En el centro se habia puesto una magnífica mesa cubierta de vajilla de oro, y llenos los platos de los manjares mas esquisitos.
El anciano, obedeciendo á los que lo conducían, se sentó.
El jefe dijo:
— Principiad.
En el acto algunos jóvenes sirvieron la mesa, y las preciosas esclavas, tomando en sus delicadas manos los instrumentos músicos, principiaron á tocar, bailar y cantar al mismo tiempo.
El anciano creia que soñaba, y se estregaba los ojos y se hería las carnes pellizcándose, por ver si conseguía despertar; pero no soñaba, estaba despierto, era una verdad cuanto pasaba ensurededor.
— Honra y gloria al querido de Mitrídates, repetían los esclavos.
De repente se oyó un clamoreo general, y gran ruido de gentes y de caballos que inundaban la calle.
— ¡Viva la reina! ¡viva la reina! gritaba el pueblo frenético.
Aquel estruendo llegaba ya á las puertas de la habitación.
— Gloria sea dada á la reina, que viene á honrar esta casa, dijo el jefe de los esclavos.
— ¡A mi casa! esclamó asombrado el anciano, ¡ah! ¡la reina viene á mi casa! esto es un sueño, no puede ser otra cosa que un sueño.
Las esclavas tañeron y cantaron con nuevo entusiasmo, la gritería se redoblaba y todo el mundo parecía volverse loco.
— ¡Viva la reina! esclamaron á una voz jefes y soldados, esclavos y esclavas, postrándose todos hasta dar con la cara en el suelo.

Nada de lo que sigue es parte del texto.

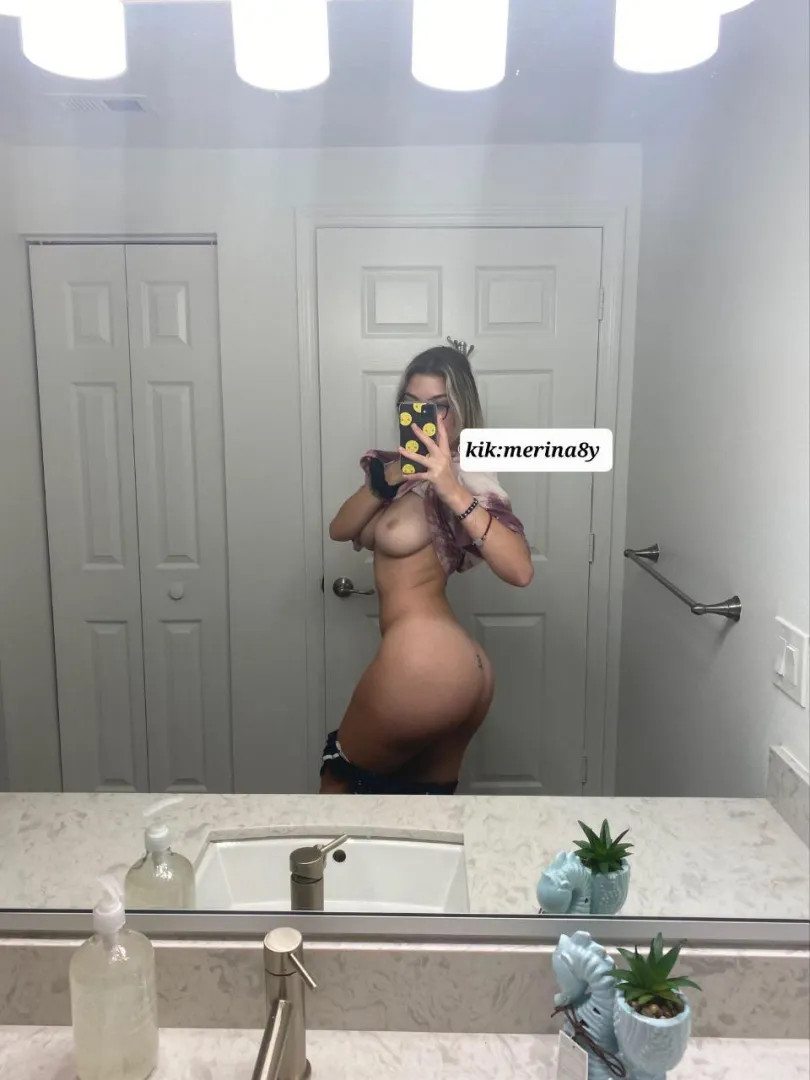 lets show up snap; ella_23f posted by Jumpy_Actuary_9293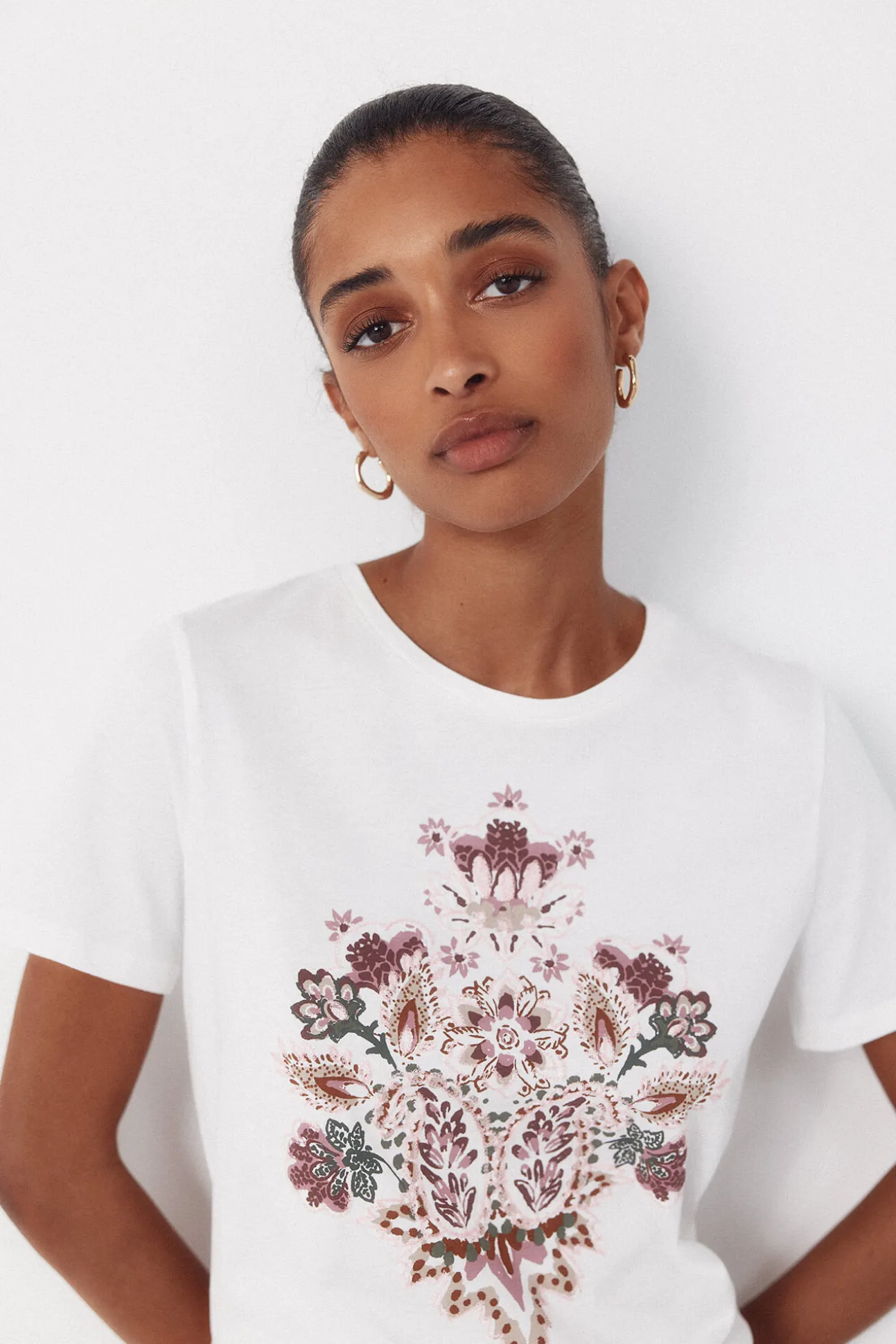 Camiseta com estampa floral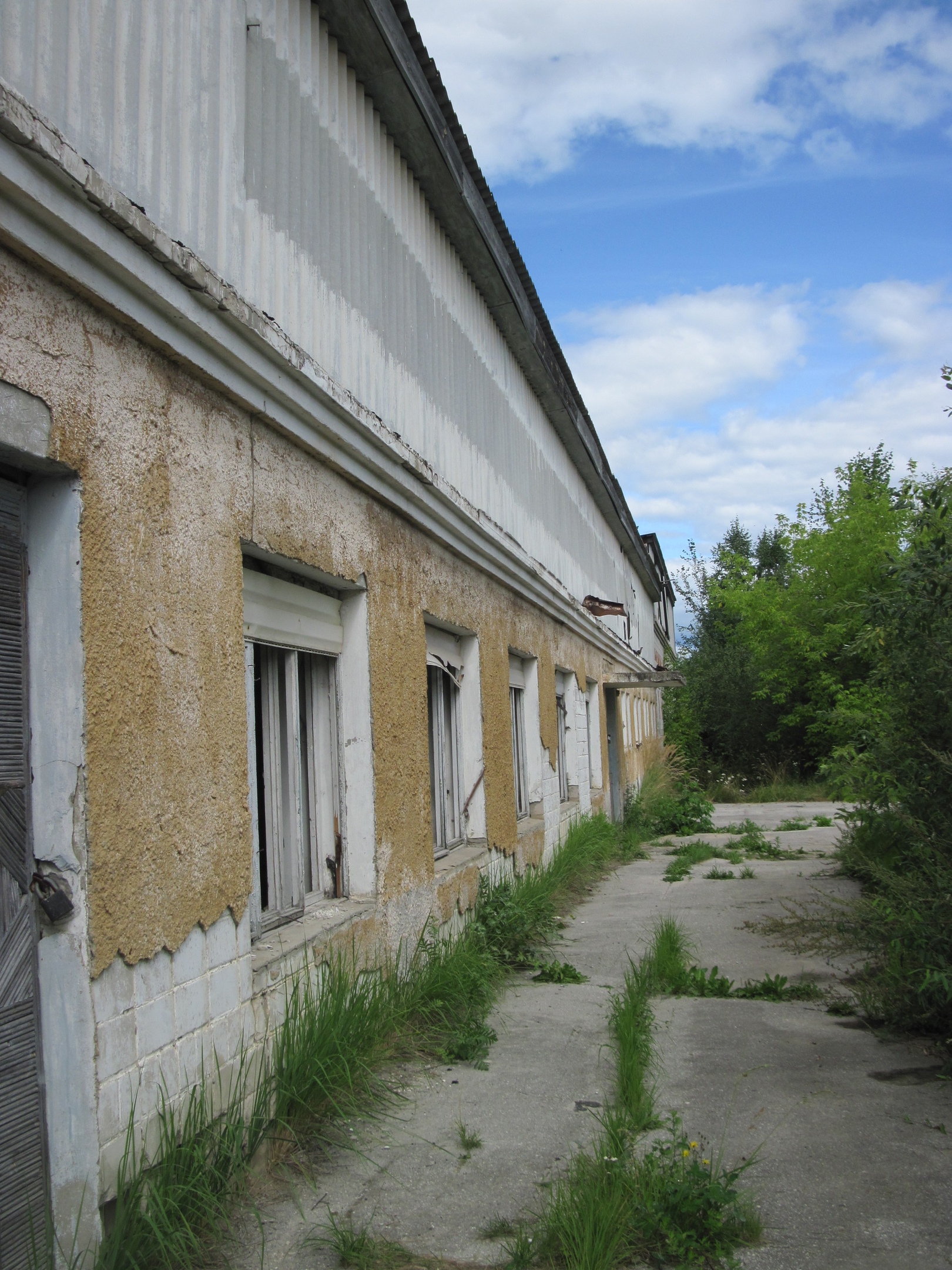 Фотограф Игорь Федотов побывал на заброшенной птицефабрике в Вязниках. Здания пустуют уже около 20 лет и медленно разрушаются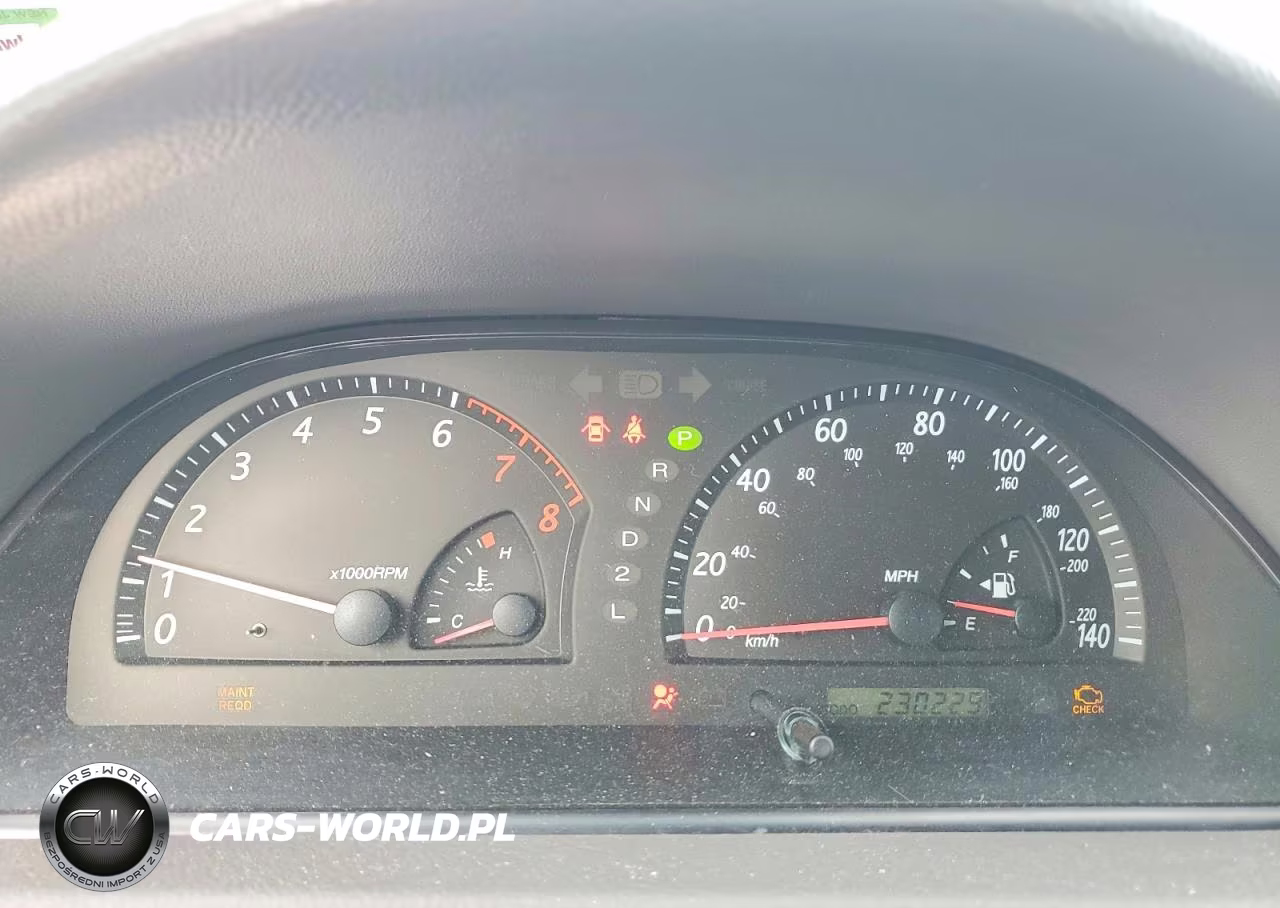 2004 Toyota Camry Le VIN:4T1BE32K14U798447 - 9
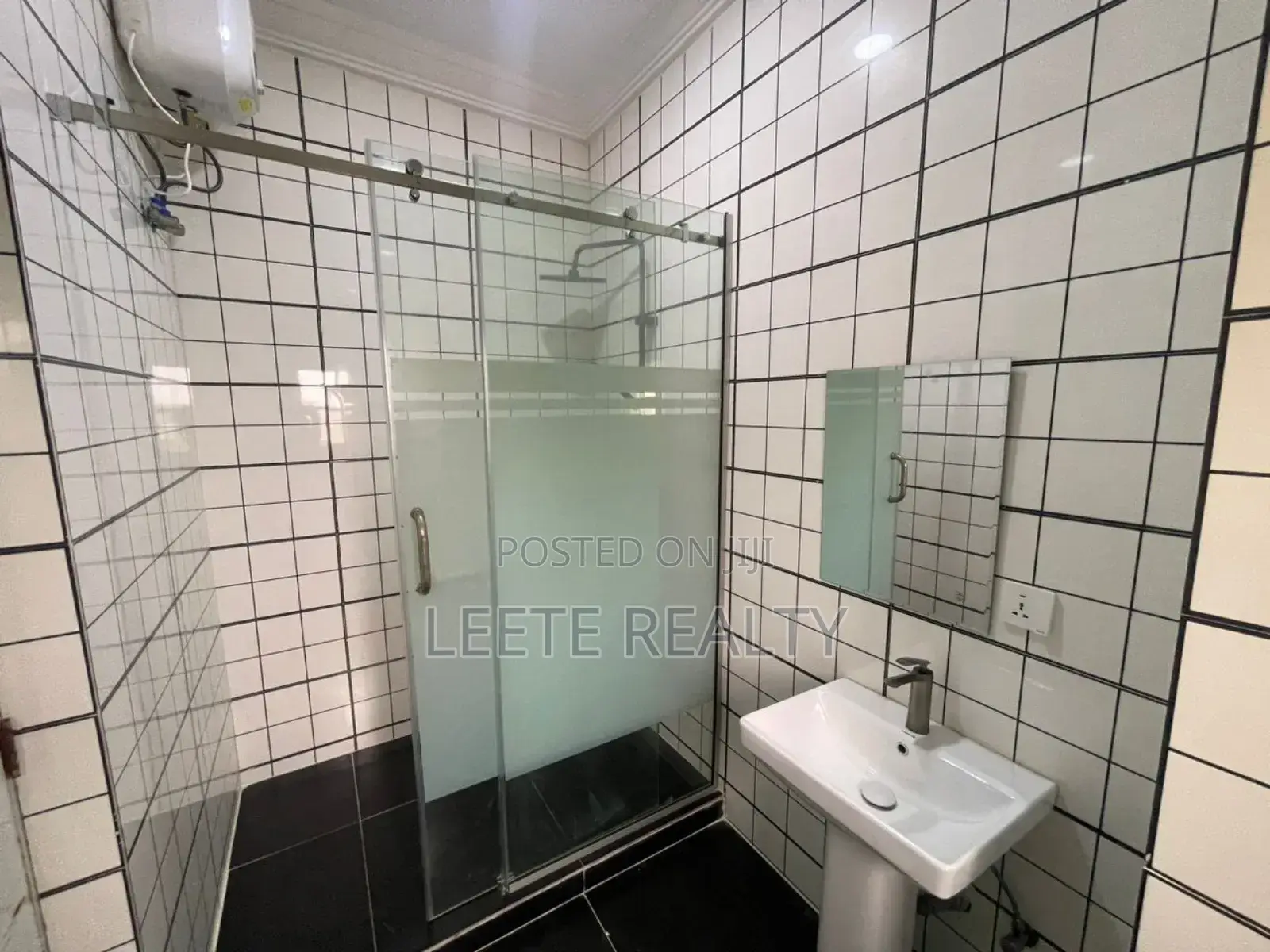 3bdrm Apartment in Jahi for sale in Jahi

La reina apareció en la puerta. El anciano la miró, fué á dar un paso hacia ella y cayó en tierra, esclamando:
— ¡¡¡Es mi hija!!!
— Sí, padre mió, dijo la reina, levantándolo y estrechándolo en sus brazos; soy Estratónica, soy tu hija, soy la reina del Ponto.
— Los dioses bendigan al rey, hija mía, y te bendigan á ti, porque honras á tu padre.
— El rey, padre mío, se enamoró anoche de mí, y anoche mismo se casó conmigo. Soy su mujer y quiere honrar al padre de la reina. Un caballo ricamente ataviado te espera á la puerta; y tu, vestído de púrpura, vas á ser conducido en triunfo por la ciudad, acompañado de los principales señores de la corte. ¡Padre mío, ya no tañerás la flauta para comer!
—¡Dioses inmortales! dadme fuerzas, dijo el anciano, porque tanta dicha me va á matar.
Y cayó desmayado en brazos de su hija.
— ¡Viva la reina! esclamó la multitud. Estrátónica, que fué buena hija, fué también buena esposa, y la mas querida de todas las de Mitrí dates.